BEGIN

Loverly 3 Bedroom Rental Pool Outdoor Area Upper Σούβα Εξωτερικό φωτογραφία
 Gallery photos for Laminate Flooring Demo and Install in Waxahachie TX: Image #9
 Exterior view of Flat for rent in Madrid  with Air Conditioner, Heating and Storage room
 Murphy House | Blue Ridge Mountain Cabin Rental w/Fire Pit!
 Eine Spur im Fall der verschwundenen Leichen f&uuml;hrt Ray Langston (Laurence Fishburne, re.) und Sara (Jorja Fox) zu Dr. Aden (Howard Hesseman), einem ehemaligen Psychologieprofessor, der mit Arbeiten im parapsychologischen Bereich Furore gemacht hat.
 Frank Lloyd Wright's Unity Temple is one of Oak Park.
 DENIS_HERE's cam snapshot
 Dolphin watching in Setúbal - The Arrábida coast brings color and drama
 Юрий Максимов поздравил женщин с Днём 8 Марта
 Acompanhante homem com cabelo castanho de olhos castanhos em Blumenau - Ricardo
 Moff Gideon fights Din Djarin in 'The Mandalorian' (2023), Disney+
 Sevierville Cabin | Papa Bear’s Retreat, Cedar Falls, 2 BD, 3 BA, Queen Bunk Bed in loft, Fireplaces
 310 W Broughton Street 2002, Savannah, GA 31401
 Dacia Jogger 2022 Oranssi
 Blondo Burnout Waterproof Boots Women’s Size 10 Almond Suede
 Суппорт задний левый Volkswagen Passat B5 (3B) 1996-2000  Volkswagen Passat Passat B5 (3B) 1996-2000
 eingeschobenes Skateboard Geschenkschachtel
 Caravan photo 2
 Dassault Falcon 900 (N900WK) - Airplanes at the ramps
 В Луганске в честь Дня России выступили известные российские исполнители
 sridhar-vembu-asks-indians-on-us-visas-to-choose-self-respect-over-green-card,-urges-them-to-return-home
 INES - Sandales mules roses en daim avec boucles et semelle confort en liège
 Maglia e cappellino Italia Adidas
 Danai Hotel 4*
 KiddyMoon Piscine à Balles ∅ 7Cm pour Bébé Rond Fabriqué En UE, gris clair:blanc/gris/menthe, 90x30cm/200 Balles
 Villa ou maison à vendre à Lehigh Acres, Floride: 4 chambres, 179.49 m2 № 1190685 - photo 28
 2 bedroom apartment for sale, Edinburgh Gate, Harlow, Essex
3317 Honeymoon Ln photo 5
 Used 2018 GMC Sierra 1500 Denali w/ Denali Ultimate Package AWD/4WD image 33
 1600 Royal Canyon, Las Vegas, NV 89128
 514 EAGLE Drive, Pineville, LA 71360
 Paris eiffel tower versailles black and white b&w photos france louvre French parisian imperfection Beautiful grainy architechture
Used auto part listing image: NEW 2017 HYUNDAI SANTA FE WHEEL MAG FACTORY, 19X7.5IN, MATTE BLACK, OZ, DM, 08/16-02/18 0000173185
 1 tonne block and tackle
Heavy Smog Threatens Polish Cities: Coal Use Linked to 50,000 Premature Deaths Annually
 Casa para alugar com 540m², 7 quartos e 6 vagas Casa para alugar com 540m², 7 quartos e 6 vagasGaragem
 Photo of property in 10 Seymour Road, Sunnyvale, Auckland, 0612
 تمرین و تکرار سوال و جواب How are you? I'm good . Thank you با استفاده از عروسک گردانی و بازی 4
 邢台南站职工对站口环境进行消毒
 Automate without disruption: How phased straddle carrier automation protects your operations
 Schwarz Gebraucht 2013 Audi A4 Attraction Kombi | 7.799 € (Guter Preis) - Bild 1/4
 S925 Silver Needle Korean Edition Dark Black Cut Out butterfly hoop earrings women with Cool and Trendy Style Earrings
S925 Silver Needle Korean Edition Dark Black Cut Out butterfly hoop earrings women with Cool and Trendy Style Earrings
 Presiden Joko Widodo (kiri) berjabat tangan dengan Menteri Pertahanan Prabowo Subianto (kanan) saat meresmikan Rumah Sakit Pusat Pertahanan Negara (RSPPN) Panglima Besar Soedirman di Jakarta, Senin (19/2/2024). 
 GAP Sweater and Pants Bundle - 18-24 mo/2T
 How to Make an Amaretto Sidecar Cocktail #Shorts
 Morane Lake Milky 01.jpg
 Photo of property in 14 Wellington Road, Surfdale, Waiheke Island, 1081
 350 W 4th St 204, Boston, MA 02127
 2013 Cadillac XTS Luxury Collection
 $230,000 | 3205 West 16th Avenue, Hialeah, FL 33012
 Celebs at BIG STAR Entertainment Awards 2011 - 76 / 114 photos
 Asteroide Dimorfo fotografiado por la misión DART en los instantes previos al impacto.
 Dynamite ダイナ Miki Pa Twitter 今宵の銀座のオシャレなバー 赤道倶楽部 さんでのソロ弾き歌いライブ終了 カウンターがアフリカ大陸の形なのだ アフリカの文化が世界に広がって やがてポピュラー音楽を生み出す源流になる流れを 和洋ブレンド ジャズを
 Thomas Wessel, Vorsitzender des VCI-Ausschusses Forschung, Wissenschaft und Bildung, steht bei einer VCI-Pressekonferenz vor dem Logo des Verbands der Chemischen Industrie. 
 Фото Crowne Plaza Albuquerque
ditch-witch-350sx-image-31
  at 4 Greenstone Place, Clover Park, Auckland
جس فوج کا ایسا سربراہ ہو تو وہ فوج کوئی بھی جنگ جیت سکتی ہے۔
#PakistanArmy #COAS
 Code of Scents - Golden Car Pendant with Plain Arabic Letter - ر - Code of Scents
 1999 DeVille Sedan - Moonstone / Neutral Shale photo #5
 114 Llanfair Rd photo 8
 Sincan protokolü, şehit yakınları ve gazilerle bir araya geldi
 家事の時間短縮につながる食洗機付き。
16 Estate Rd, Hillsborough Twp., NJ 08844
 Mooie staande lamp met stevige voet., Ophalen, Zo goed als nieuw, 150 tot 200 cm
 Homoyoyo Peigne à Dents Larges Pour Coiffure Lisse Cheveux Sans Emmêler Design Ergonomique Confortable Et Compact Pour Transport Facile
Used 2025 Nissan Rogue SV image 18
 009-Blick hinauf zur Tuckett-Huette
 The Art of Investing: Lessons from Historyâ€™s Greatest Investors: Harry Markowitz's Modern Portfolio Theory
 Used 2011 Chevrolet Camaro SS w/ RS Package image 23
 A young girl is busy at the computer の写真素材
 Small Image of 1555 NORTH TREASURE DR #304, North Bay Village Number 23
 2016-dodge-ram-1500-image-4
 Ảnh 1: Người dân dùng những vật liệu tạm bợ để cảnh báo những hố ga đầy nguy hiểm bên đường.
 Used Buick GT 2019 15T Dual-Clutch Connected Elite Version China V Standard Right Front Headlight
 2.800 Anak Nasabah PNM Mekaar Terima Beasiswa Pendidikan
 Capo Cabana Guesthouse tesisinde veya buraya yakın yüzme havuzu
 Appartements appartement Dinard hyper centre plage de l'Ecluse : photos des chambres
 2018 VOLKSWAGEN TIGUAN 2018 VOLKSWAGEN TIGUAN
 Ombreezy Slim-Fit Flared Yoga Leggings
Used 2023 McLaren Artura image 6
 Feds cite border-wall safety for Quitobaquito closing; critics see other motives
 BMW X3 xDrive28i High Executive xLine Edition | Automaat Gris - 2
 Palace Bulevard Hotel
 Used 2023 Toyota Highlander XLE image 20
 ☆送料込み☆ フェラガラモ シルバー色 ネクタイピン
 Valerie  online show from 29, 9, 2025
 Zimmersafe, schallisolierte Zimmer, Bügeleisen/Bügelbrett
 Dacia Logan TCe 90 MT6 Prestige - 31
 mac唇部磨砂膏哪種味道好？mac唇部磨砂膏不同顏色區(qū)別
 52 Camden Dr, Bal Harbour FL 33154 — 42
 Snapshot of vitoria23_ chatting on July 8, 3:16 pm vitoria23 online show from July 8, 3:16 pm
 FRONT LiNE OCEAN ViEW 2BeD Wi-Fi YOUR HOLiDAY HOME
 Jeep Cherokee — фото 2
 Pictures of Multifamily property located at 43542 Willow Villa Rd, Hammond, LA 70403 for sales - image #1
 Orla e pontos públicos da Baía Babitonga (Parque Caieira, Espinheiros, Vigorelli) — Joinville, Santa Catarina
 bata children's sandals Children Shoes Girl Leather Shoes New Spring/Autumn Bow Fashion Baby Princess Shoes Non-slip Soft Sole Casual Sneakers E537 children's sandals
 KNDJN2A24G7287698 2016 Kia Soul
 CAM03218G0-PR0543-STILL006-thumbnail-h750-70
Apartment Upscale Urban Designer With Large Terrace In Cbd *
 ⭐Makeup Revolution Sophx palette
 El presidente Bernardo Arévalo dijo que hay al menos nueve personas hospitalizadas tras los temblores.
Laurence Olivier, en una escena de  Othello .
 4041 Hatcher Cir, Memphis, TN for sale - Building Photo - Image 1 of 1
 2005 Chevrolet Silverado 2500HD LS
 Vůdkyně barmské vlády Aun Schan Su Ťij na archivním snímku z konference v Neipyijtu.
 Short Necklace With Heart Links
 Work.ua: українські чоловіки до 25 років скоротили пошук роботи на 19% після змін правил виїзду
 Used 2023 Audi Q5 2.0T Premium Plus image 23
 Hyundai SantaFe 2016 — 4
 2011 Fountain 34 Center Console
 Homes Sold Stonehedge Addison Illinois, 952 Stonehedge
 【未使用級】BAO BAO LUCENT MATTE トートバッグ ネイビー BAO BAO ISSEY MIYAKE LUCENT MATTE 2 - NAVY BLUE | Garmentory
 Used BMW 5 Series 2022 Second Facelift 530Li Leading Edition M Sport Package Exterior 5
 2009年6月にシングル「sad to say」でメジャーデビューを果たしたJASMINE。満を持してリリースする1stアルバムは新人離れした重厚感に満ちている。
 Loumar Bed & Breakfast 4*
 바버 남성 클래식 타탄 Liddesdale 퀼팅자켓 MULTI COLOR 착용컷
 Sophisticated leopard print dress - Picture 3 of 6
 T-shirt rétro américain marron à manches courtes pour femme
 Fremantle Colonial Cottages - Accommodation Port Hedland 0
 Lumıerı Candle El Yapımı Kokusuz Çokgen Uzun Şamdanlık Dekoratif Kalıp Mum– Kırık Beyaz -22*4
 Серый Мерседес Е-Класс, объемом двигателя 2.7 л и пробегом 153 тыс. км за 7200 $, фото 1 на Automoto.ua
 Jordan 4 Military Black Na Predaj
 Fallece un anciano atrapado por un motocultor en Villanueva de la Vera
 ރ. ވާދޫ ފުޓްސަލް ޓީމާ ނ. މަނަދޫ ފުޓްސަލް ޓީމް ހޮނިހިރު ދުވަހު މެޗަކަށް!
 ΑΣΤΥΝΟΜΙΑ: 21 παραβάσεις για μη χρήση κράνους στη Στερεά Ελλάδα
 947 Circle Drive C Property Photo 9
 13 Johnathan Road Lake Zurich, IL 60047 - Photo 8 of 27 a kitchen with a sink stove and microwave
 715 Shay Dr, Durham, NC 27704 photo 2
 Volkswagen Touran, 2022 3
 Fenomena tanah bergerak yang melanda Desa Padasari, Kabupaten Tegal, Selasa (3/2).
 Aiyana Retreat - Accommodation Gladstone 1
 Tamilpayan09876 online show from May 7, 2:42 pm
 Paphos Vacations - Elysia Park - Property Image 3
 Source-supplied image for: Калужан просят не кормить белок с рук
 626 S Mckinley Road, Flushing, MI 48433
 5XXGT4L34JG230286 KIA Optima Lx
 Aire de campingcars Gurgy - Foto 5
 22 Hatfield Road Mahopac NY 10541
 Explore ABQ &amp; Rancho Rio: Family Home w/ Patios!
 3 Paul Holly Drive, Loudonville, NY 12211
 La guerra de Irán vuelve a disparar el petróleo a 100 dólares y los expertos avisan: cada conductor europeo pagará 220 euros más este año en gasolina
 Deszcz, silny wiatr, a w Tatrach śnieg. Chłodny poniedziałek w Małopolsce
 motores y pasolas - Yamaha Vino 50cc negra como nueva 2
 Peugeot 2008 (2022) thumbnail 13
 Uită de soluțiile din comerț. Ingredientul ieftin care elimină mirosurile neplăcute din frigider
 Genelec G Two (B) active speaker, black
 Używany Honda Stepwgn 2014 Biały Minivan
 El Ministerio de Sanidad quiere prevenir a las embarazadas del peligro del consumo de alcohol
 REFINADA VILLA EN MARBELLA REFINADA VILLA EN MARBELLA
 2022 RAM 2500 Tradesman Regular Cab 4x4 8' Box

END

● Instructions to follow
Out of the data above, transcribe exactly and only the lines starting with the line that has "A young girl is busy at the computer の写真素材" and going on through the line that has "Ảnh 1: Người", both included.

● Response box
 A young girl is busy at the computer の写真素材
 Small Image of 1555 NORTH TREASURE DR #304, North Bay Village Number 23
 2016-dodge-ram-1500-image-4
 Ảnh 1: Người dân dùng những vật liệu tạm bợ để cảnh báo những hố ga đầy nguy hiểm bên đường.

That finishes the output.